Orgetorix, How often do you use Venetian Cream of your shells? I assume you use it sparingly, right?


----------



## TheWGP (Jan 15, 2010)

Mine came in a few days back and I just used it on two vintage pairs of BB LHS #8's last night. It worked wonders - certainly comparable to Saphir Renovateur, and perhaps even better in terms of restoring that cordovan luster, which on old shells can diminish.


----------



## Orgetorix (May 20, 2005)

tlocke said:


> Orgetorix, How often do you use Venetian Cream of your shells? I assume you use it sparingly, right?


Haven't had it for more than a couple months, but I plan to use it every six months or so, or whenever the shells look like they need it.


----------



## eagle2250 (Mar 24, 2006)

rabidawg said:


> I did the same, except the cream was all I ordered. Shipping for a quart was only $5.39 (shipped to my office; it's a dollar or so more expensive if you have it shipped to a residential address), so a quart shipped was under $18. A bargain for a lifetime supply, IMO. I've since used it on every pair of shell I own, and cannot recommend it highly enough. It also does wonders on calf.
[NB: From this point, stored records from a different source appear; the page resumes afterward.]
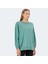 VIKENTI SW Kadın Oversize Sweatshirt Yeşil 3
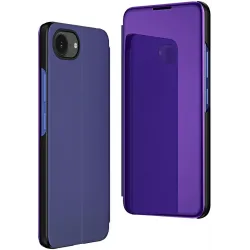 Coque à rabat Phonesta Smart Mirror View pour Apple iPhone 17e/16e - Indigo
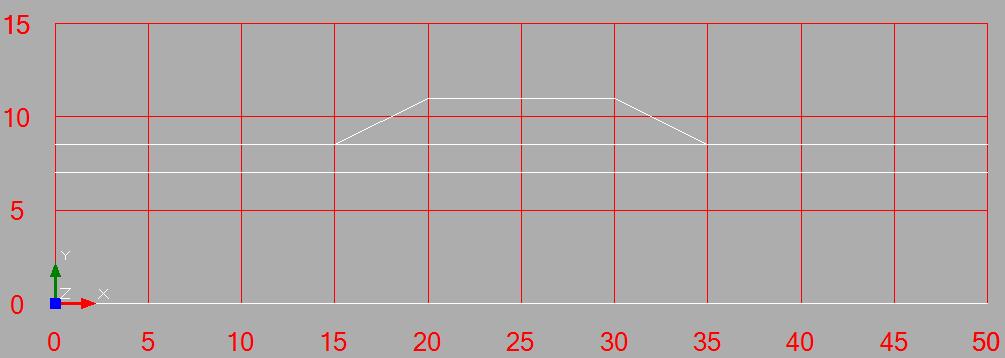 159 Piirretään alla olevan esimerkkikuvan mukaiset maakerrokset koordinaattipisteiden avulla. Valitaan työkalupaletista Polyline komento, tai valikosta Draw Polyline.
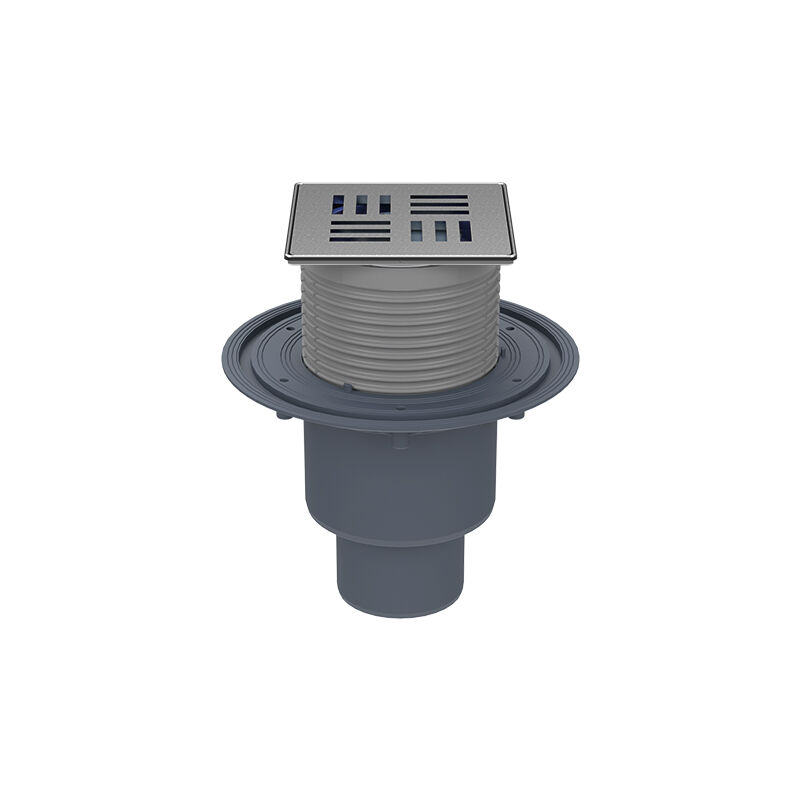 Siphon De Sol Carré 110 X 110 Mm En Acier Inoxydable - Grille Amovible Anti-odeur - Pour Salle De Bain, Cuisine, Buanderie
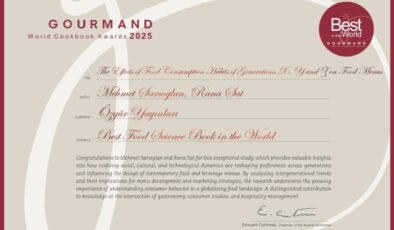 Gourmand World Cookbook Awards’ta Türkiye’ye dünya birinciliği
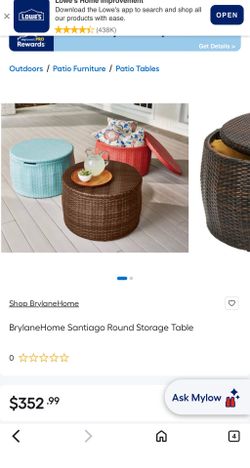 Table and storage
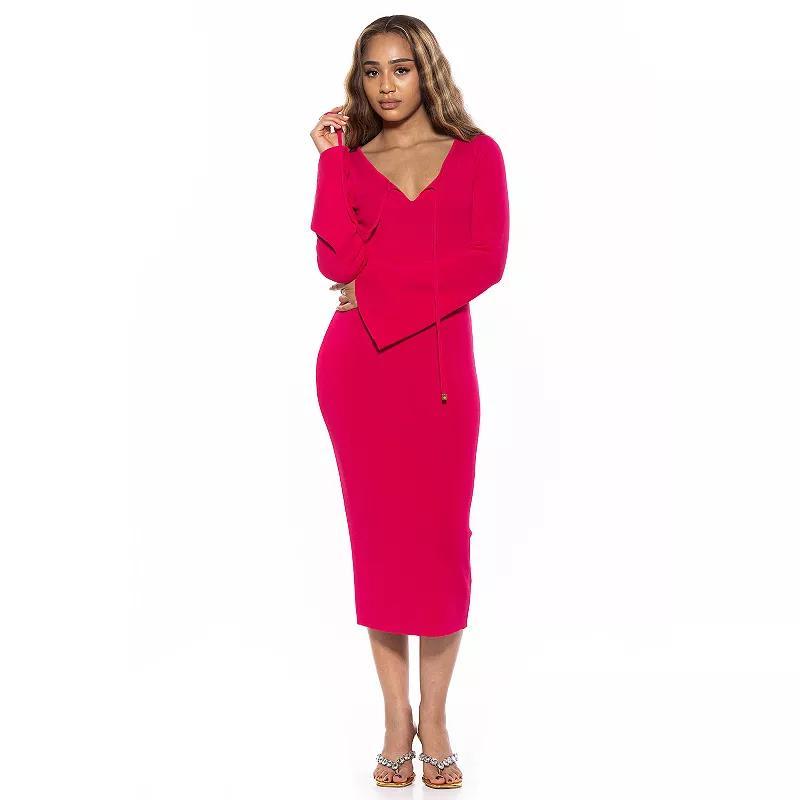 Womens ALEXIA ADMOR Akari Knit Midi Dress Product Image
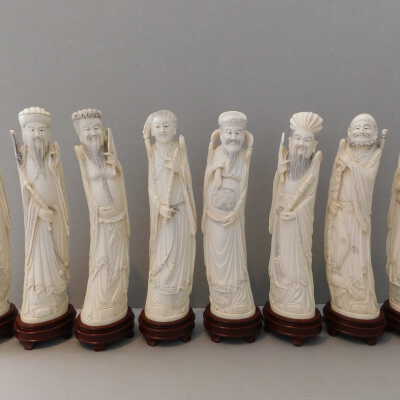 Client: Saylor. Item: Eight Immortals Figurines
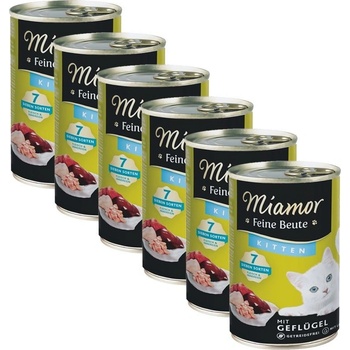Miamor Feine Beute Kitten s hydinou 6 x 400 g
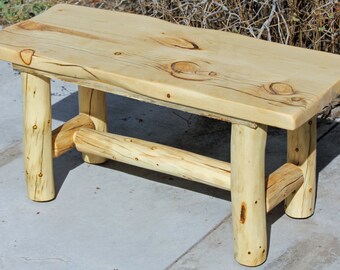 Red Cedar Juniper Log Night Stand 2 Drawer Barn Wood Furniture Rustic Furniture Log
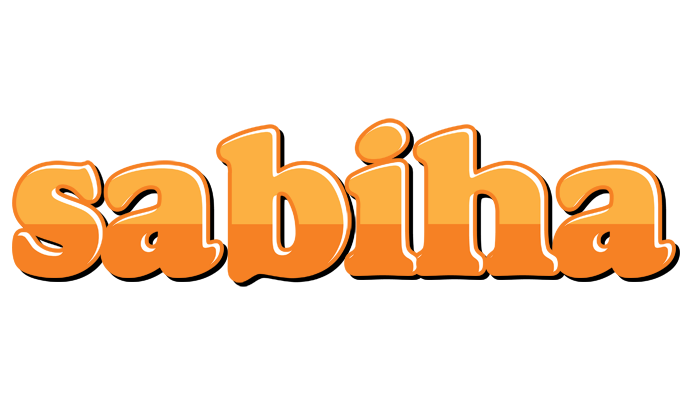 Sabiha orange logo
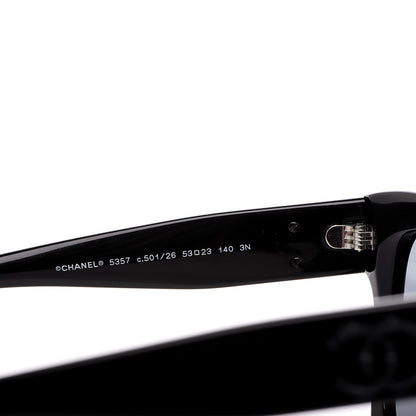 Chanel CC Sunglasses 5357 Black 6 of 7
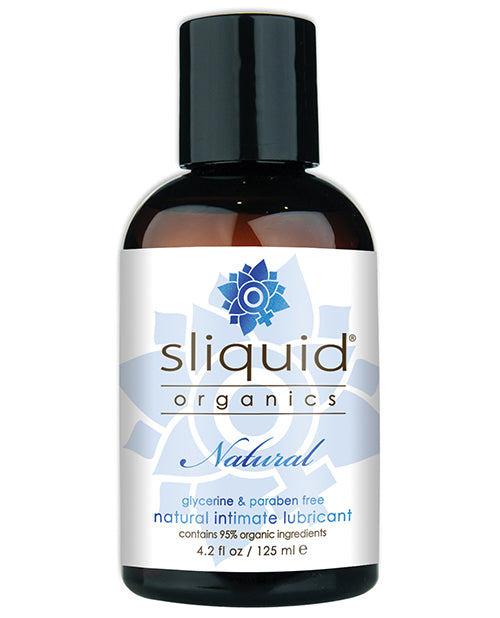 Sliquid 42 Organics Natural Intimate Lubricant, 4.2 oz, Glycerine & Paraben Free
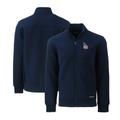 Men's Cutter & Buck Navy Los Angeles Dodgers Stars Stripes Roam Eco Recycled Full-Zip Jacket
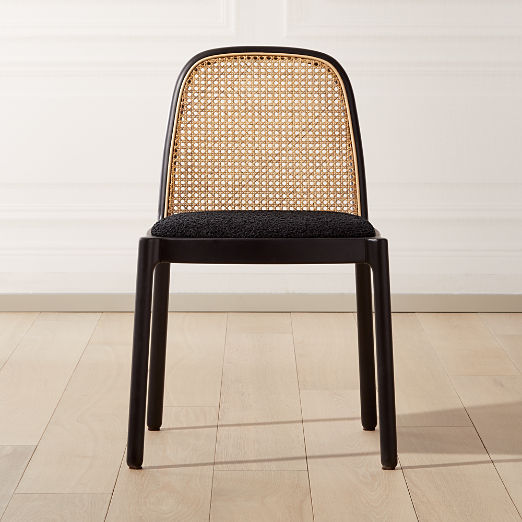 Nadia Black Cane Chair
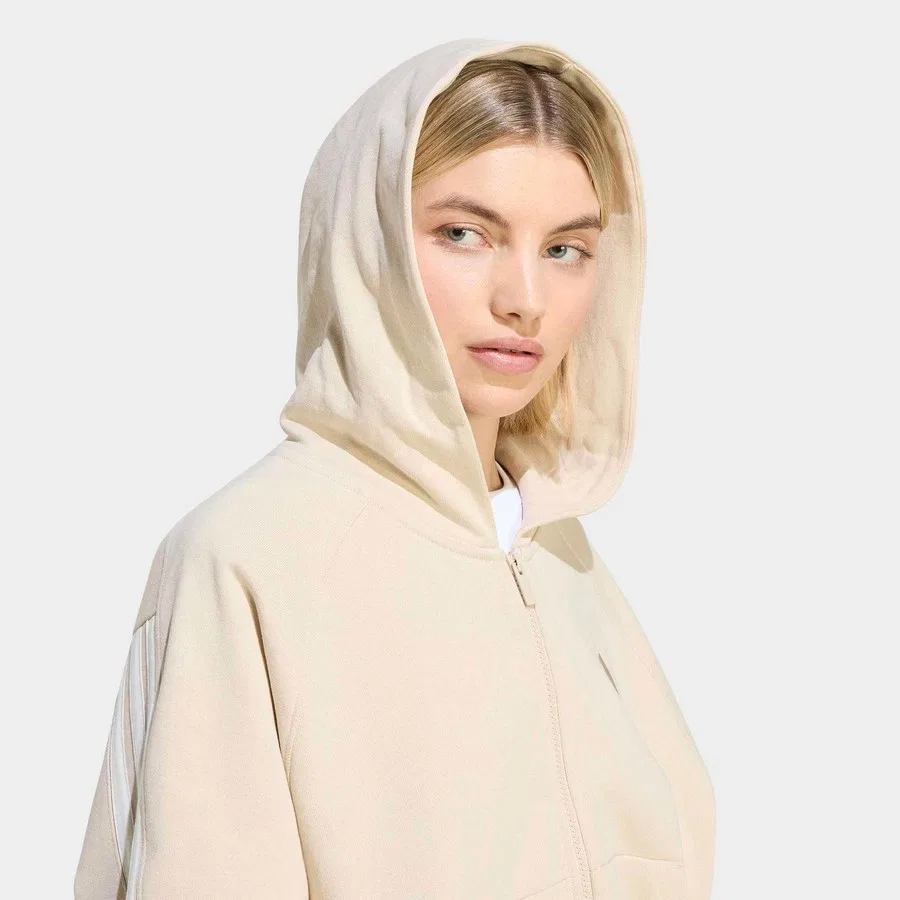 Женская куртка с длинным рукавом Kıt adidas, Кремовый — фото 4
LOL. "A bargain for a lifetime supply," True Dat! However, remember, that lifetime supply can dry-up like an old can of paint...do remember to keep it tightly capped!


----------



## Mike147 (Jan 15, 2006)

Do you use anything else on your shells at this point or just Venetian when needed and Mac Method after each wear?


----------



## Orgetorix (May 20, 2005)

Mike147 said:


> Do you use anything else on your shells at this point or just Venetian when needed and Mac Method after each wear?


Just the VC and Mac method (which involves wax, sparingly).


----------